The local football teams are disastrously down, the Knicks are still the Knicks, the Mets just hired another manager, and the Rangers and Devils are experiencing their expected rebuilding growing pains.

It certainly sounds weird for longtime observers of the Islanders to view them as one of the more stable sports franchises presently in New York, but that fully appears to be the case in their second year under GM Lou Lamoriello and head coach Barry Trotz.

Aaron Boone obviously has led the Yankees to successive 100-plus win seasons and playoff appearances in his first two years in the Bronx, but you also certainly could make the case that Trotz presently is the top coach in the local area.

After winning a Stanley Cup with Washington in 2018, he led the Islanders to only their second playoff series win since 1993 last spring.

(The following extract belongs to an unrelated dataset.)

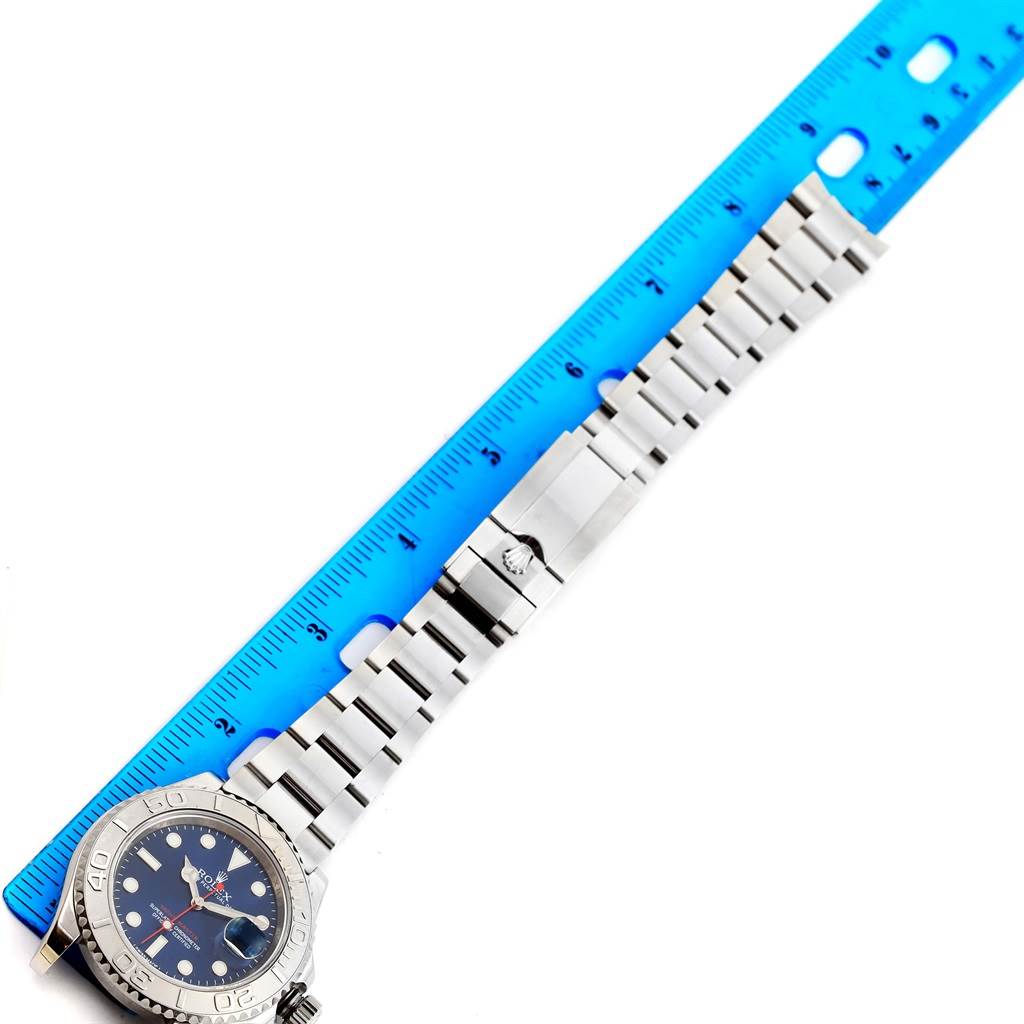 The image shows a Rolex Yacht-Master 116622 Men's Stainless Steel Blue Dial 116622 Men's Stainless Steel Blue Dial watch laid next to a blue ruler, displaying the watch face and strap.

He also has them off to a rousing 9-3-0 start — including an eight-game winning streak, their longest in nearly 30 years — following Friday’s 5-2 clampdown victory over the Tampa Bay Lightning at the Coliseum.

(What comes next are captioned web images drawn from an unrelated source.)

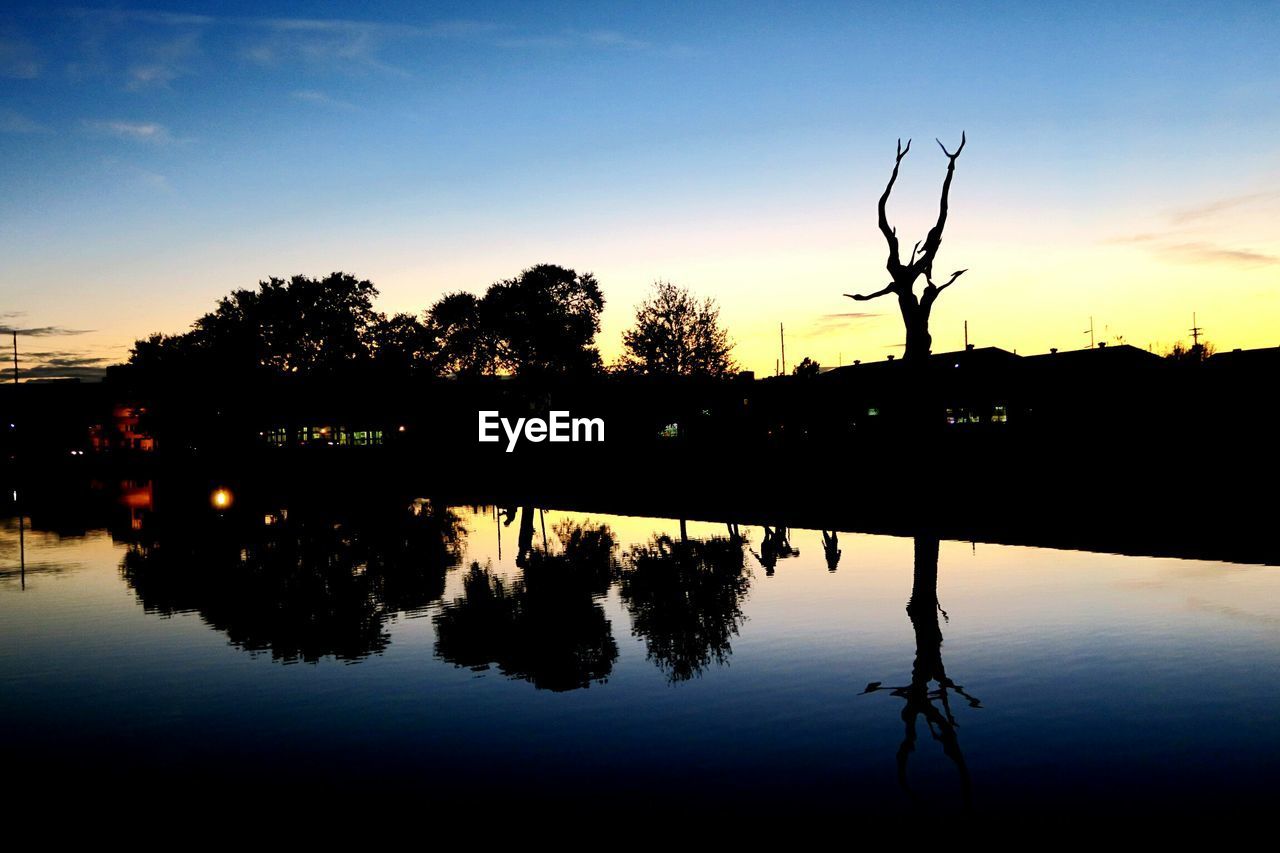 Scenic view of calm lake at sunset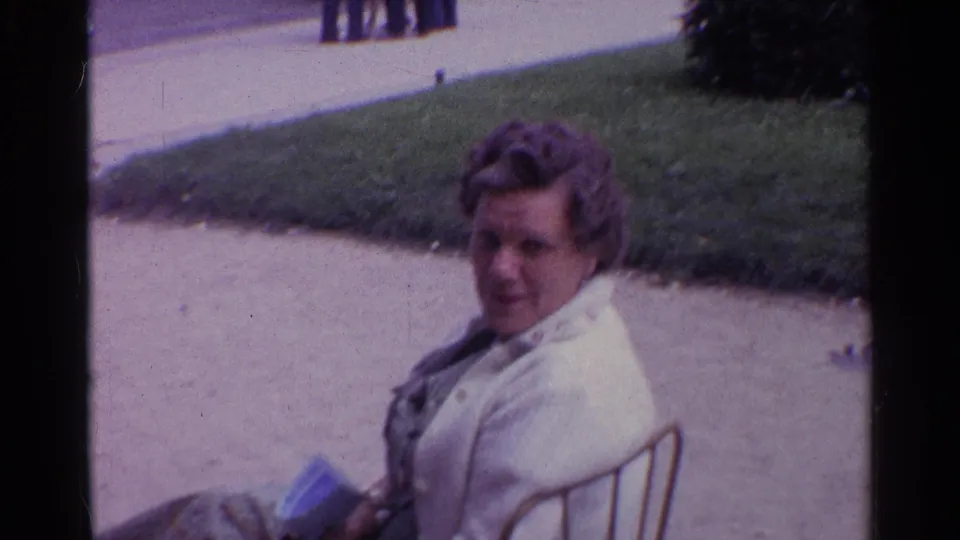 A woman in a light-colored jacket sits near a walkway and lawn in 1960s 8mm travel footage.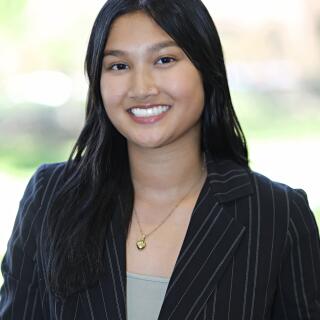 A smiling woman in a grey shirt and dark striped jacket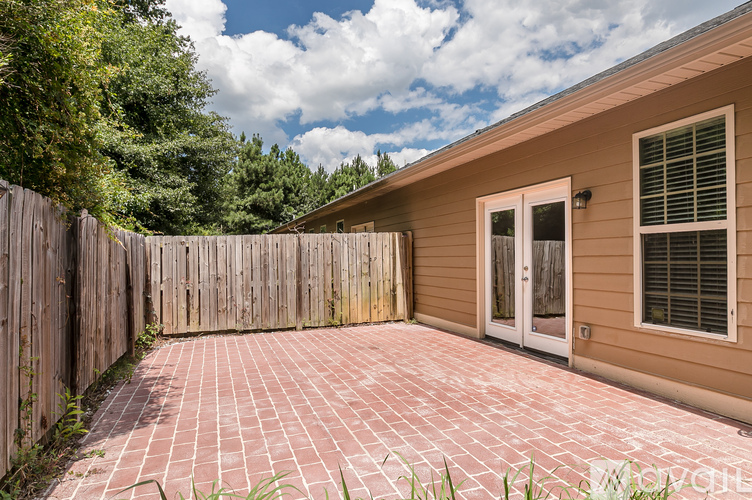 A house with a brown fence and a red brick walkway.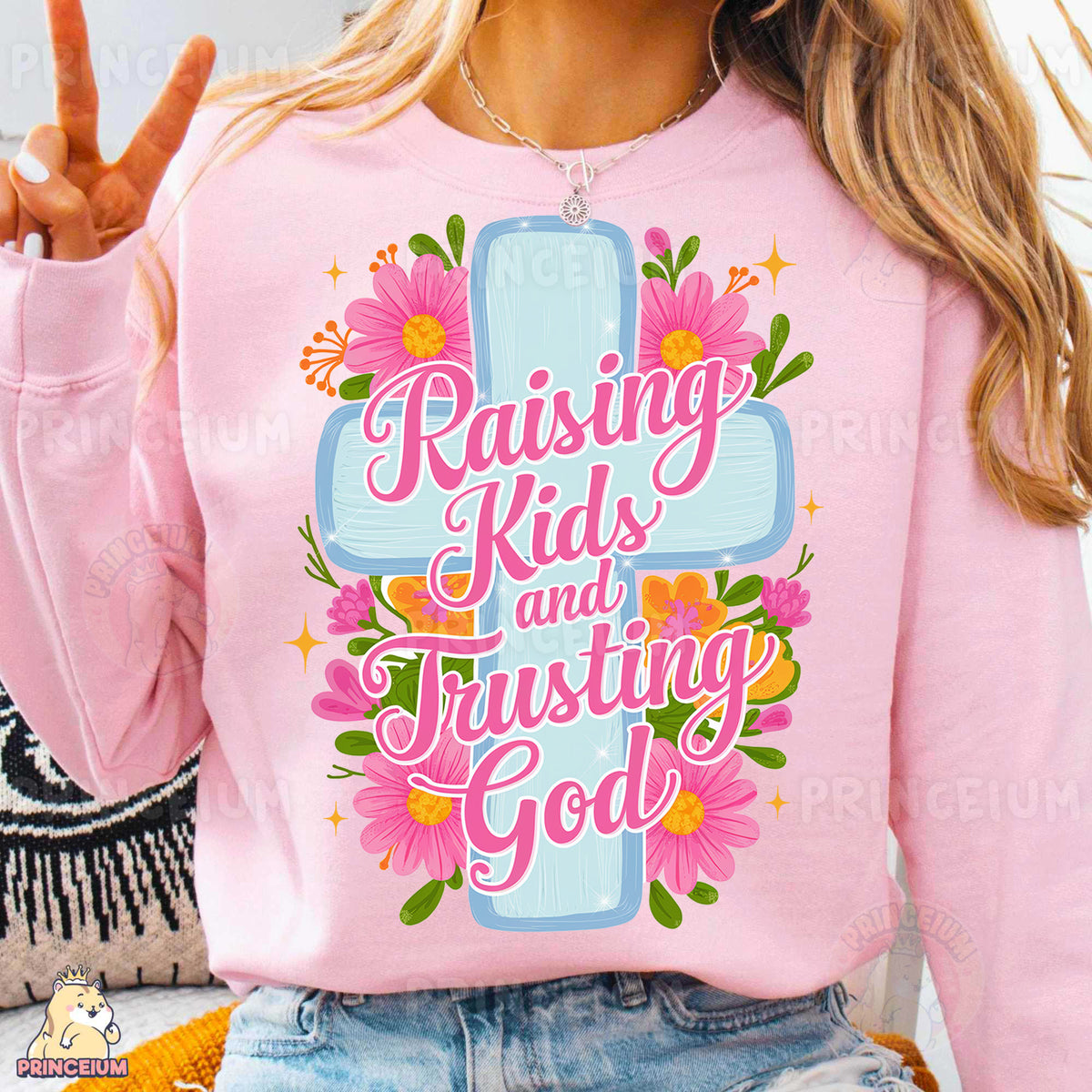 a woman wearing a pink shirt with a cross on it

“I think we could hit the ground running a little bit more in camp this year. You have a little bit less to learn, in a sense, and you understand how things work and everything else. I think that’s what we did this year as much as possible,” Islanders captain Anders Lee said. “We’ve put a little bit of a decent start together, but it’s a long year and we’ve got to continue to challenge ourselves to be better.

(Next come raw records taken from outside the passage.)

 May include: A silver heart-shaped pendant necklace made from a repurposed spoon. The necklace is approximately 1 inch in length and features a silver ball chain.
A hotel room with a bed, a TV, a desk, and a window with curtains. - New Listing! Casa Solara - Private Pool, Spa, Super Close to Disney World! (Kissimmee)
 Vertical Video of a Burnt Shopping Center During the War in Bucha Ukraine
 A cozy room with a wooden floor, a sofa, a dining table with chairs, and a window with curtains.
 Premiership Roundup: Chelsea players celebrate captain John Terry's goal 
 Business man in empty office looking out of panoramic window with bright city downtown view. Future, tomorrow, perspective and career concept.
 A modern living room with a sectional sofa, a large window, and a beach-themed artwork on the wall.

“Last year I think there was a lot of change, obviously, around here, and we had a lot to prove, and even this year, coming in, not a lot of changes within our team, and we still have to go out there and do something about it. But yeah, you look around town, there’s still a lot of great teams, but it’s early in the year, for sure. We’re just trying to do what we can here.”

Following the free-agent defection of then-captain John Tavares to Toronto, the Isles managed 103 points last season and swept Pittsburgh in the first round of the Stanley Cup playoffs in April before falling in four games in the next round to Carolina.

They opened this season by dropping three of their first four games, but their eight consecutive wins thereafter represent their longest streak since taking nine straight from Dec. 1989 through Jan. 1990.

Trotz, the 2019 Jack Adams Award winner as NHL Coach of the Year, spent the five days since the Isles’ previous win Sunday against Philadelphia preaching about focus and against complacency. But second-period goals by Mathew Barzal and Ryan Pulock, three more by Josh Bailey, Lee and Derick Brassard (empty-net) in the final 7:19 of the third, and 33 saves from a stellar Thomas Greiss proved he needn’t have been concerned in that regard.

“You can get full of yourself, yep, absolutely,” Trotz said. “I think it shows in practice, we practice really well. That’s always the first indicator, if a team is getting full of themselves, they don’t practice very well. They start cheating, they start not executing. I wouldn’t say that with this group. They haven’t done that.

“We rarely look up and don’t start counting things off. That’s the mentality that we have. There’s not a lot of patting each other on the back.”

Lee also had opportunities to leave as a free agent over the summer, but he elected to stay, inking a seven-year deal worth $49 million in July to continue building the identity the Isles began to implement last year under Trotz.

“It’s hard work. It’s playing tough. I think it’s detail-oriented, and I think it’s playing with pride for your team and your teammates and going out there every night and giving it everything you have,” Lee said. “I think that’s been the identity of our group for a while now, and that identity is a lot to do with going out there and proving it, too, every night. You can’t just have it one game and not the other. It’s one of those things you’re always continuing to be better.”